Work order. Pictures stay out; everything else in the records below is copied exactly.

Data provided.
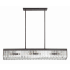 Crystorama Lighting Group Alister 6 Light 50" Wide Crystal Linear Chandelier Charcoal Bronze
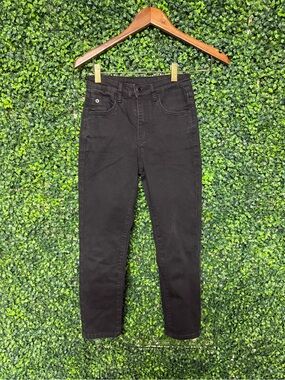 Alexander Bling Classic High-Rise Black Straight Jeans size 27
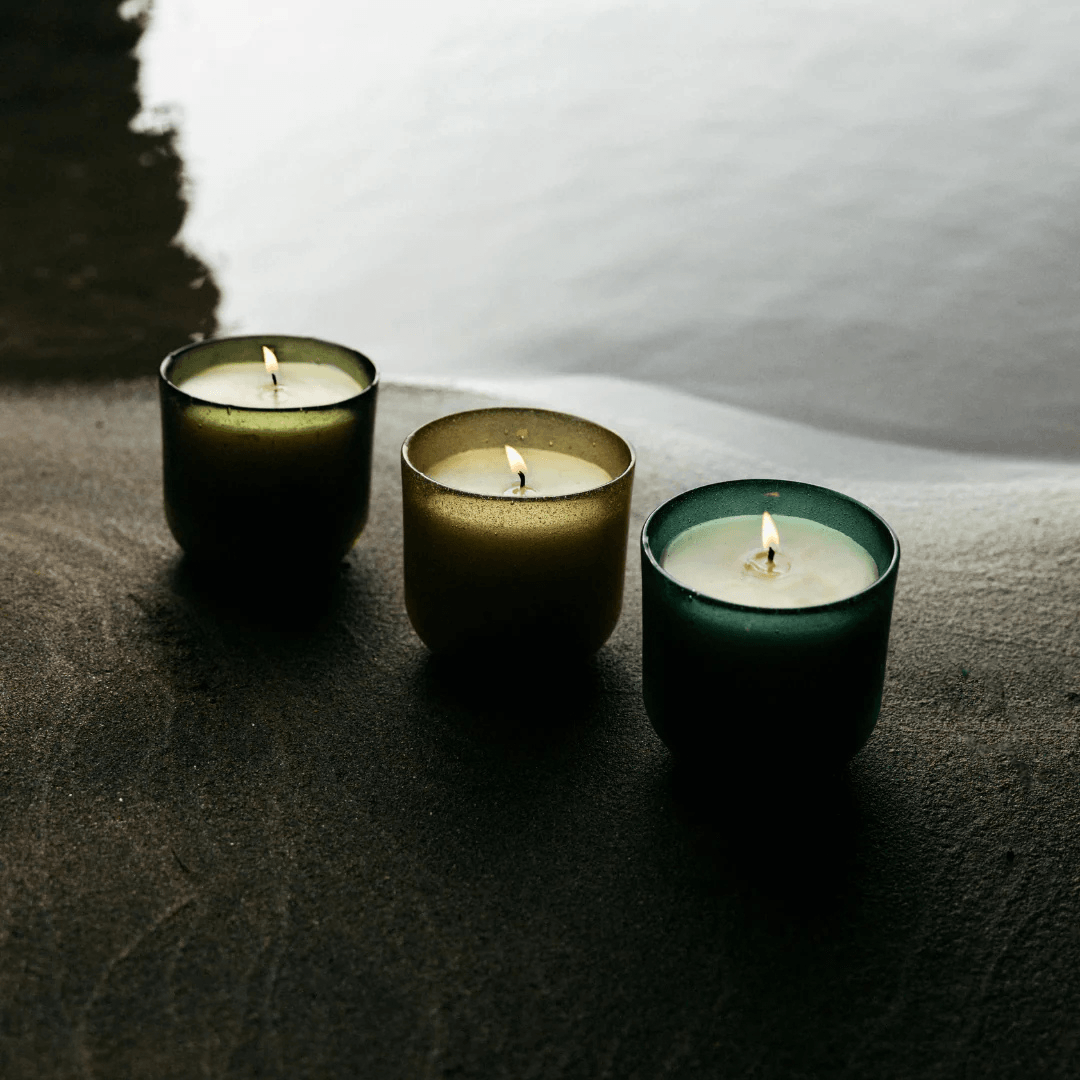 Sea Garden Walled Garden Glass Candle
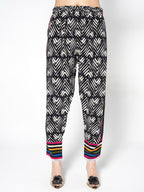 Midnight Flora Kurti & Jogger Set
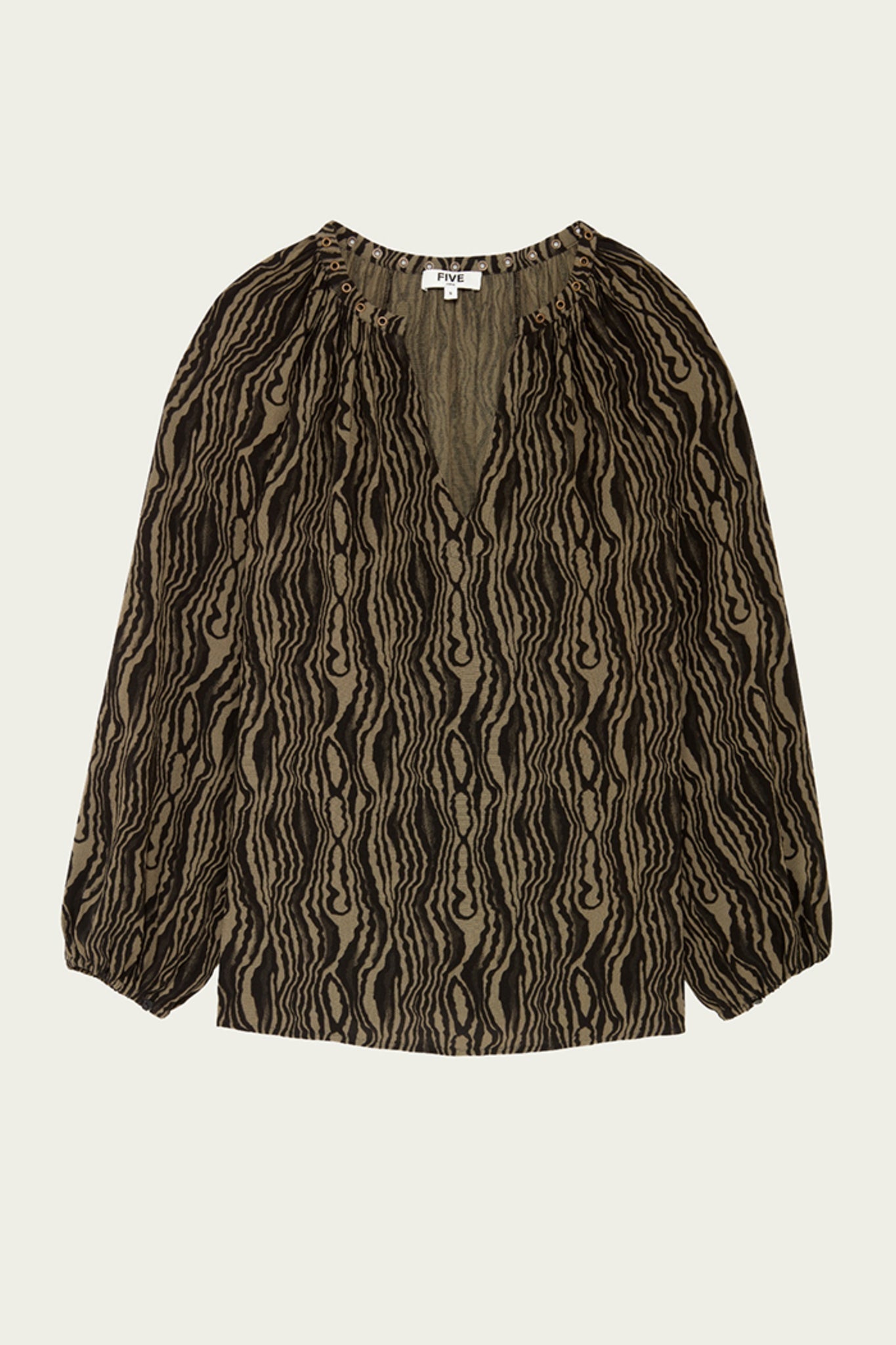 Five Jeans Shirt BICHE Pull-On Khaki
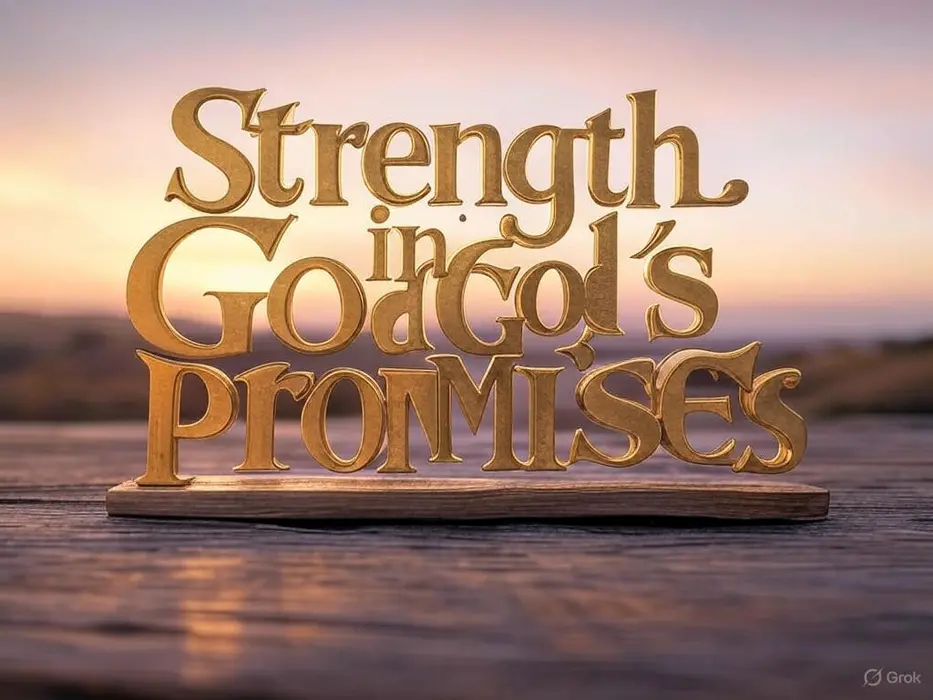 Strength in God's Promises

Answer below.
 Crystorama Lighting Group Alister 6 Light 50" Wide Crystal Linear Chandelier Charcoal Bronze
 Alexander Bling Classic High-Rise Black Straight Jeans size 27
 Sea Garden Walled Garden Glass Candle
 Midnight Flora Kurti & Jogger Set
 Five Jeans Shirt BICHE Pull-On Khaki
 Strength in God's Promises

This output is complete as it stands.